Wang Huning’s career speaks volumes about political changes in China
IYEAR before the 1989 Tiananmen Square protests, Chinese campuses were buzzing with debates about how to make the country more liberal. For some intellectuals, the West offered a model. In the Soviet Union, Mikhail Gorbachev had shown how one could begin. Amid all this excitement, in August 1988, a bespectacled political scientist arrived in America for six months of study, initially at the University of Iowa. He found much to criticize but also much to admire in America: its universities, its innovation, and the smooth transfer of power from one president to another.

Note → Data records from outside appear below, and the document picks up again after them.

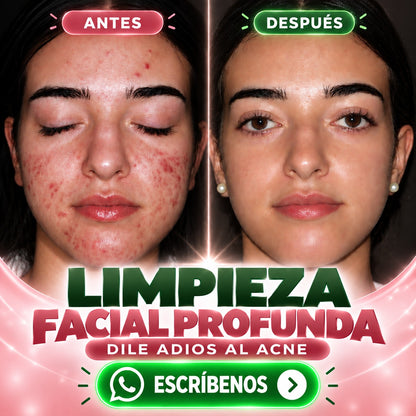 Limpieza Facial o Corporal
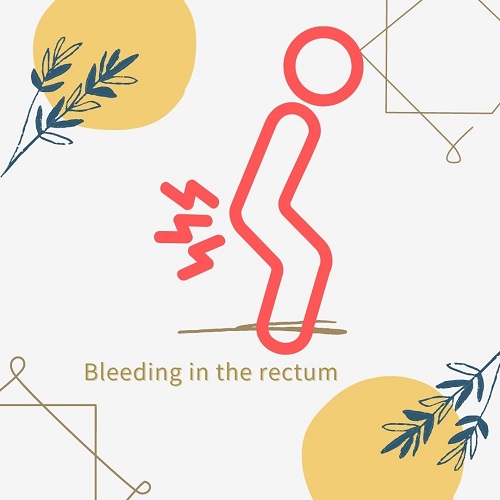 Anal Bleeding And Treatment 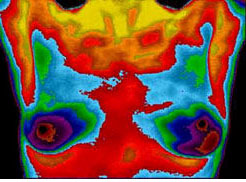 breast thermography image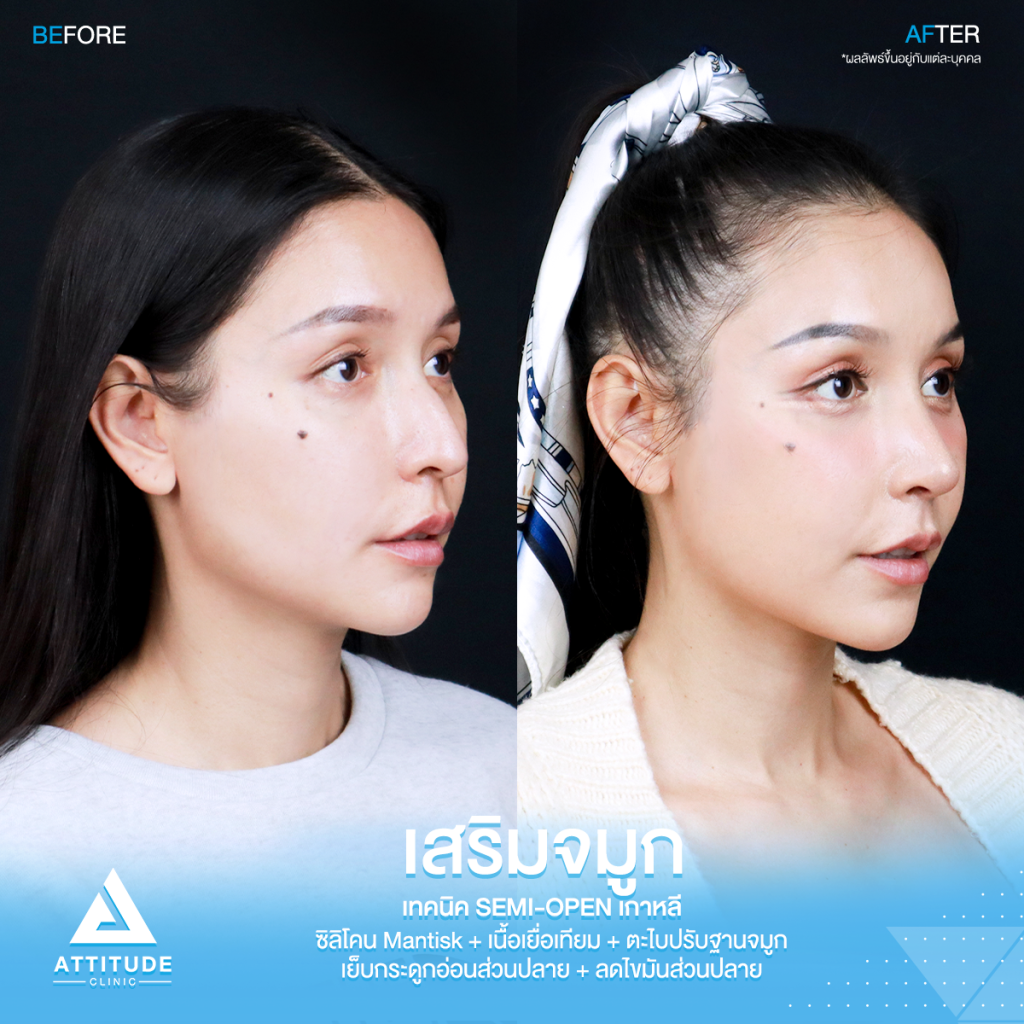 รีวิวเสริมจมูกคุณเฟียทส์ รีวิวเสริมจมูกคุณเฟียทส์ ด้วยซิลิโคน Mantisk เฉพาะปลายจมูก เคสจมูกมีฮัมพ์ ปลายงุ้ม ปรับโครงสร้างก่อนวางซิลิโคน เทคนิค Semi Open เกาหลี เน้นความเป็นธรรมชาติ โดยคุณหมอยุ้ย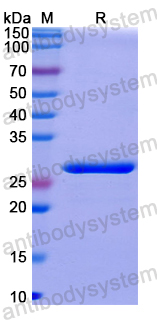 Recombinant Human TSG101 Protein, N-His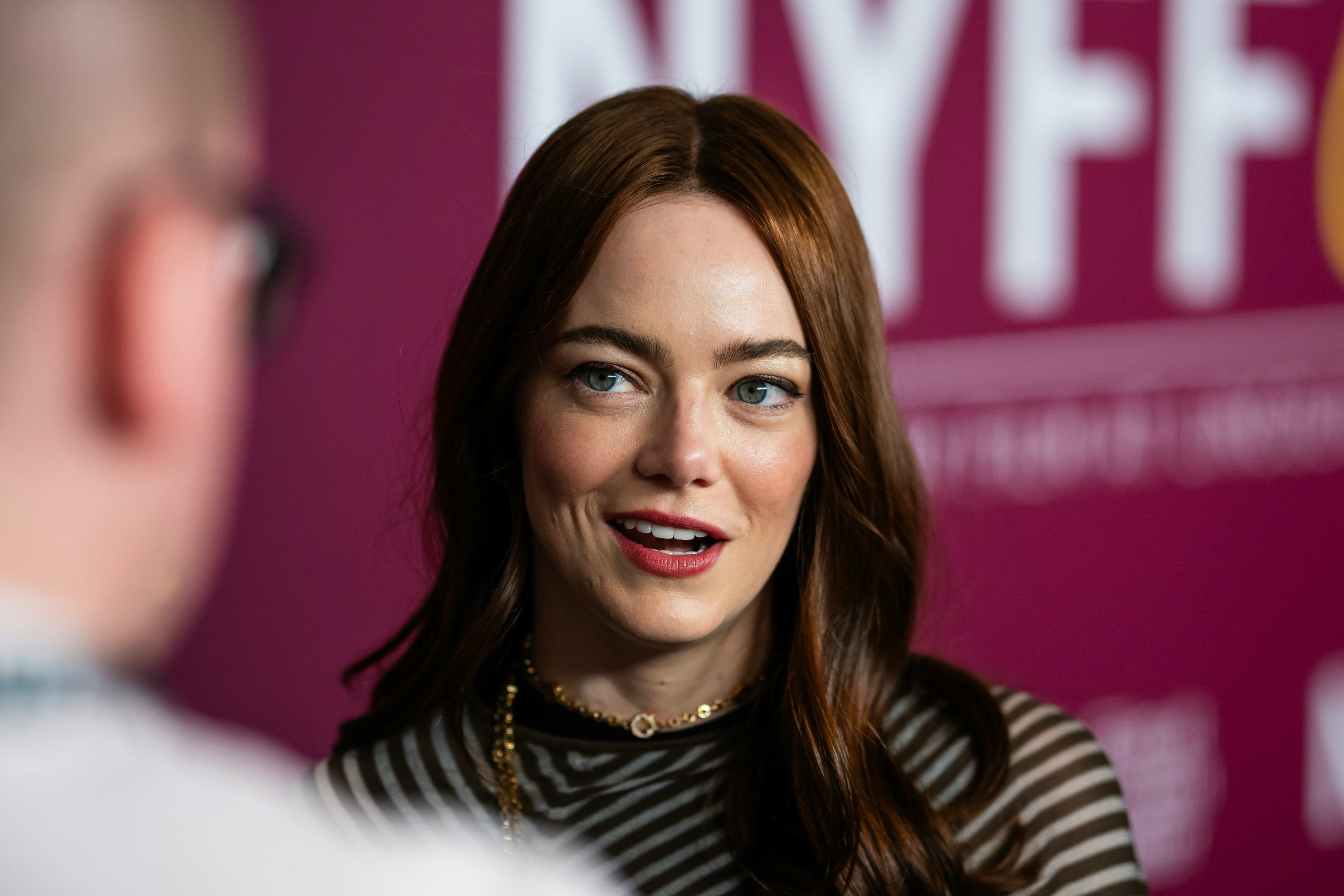 Emma Stone fans think she may have shaved her head.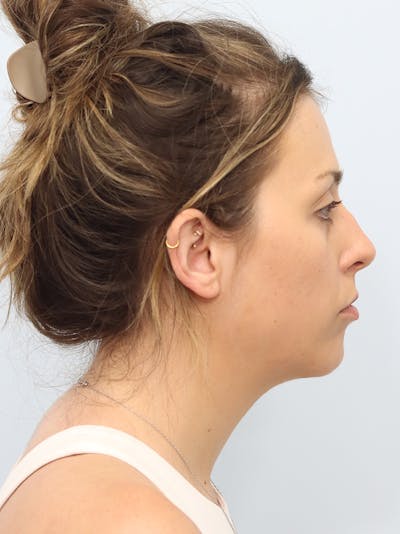 Chin Implant Before & After Gallery - Patient 121466 - Image 2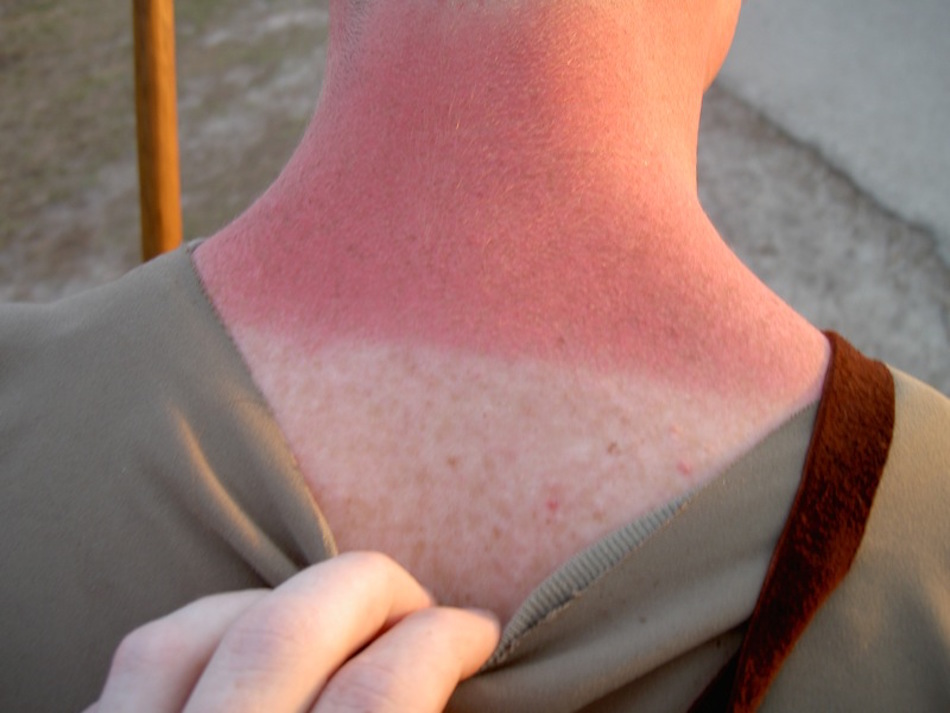 sunburn.jpg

Capitalism, the 32-year-old party member wrote, “cannot be underestimated”.
This scholar, Wang Huning, is now one of seven members of the Politburo Standing Committee, the Communist Party’s top governing body. As head of ideology and propaganda, he is tasked with crafting a very different message: that China practices real democracy, America’s is a sham, and American power is fading. For a party locked in a growing ideological war with America, this line is not surprising. Mr. Wang’s role in the struggle is more so. His early writings did not suggest narrow nationalism. He saw weaknesses in the American system, but did not exaggerate them. He also saw problems in China. More remarkably, he crafted the party’s message under three successive leaders. China’s current leader, Xi Jinping, has trusted him in this vital role even though he is not a former associate. A state-linked newspaper called him the party’s “number one adviser”.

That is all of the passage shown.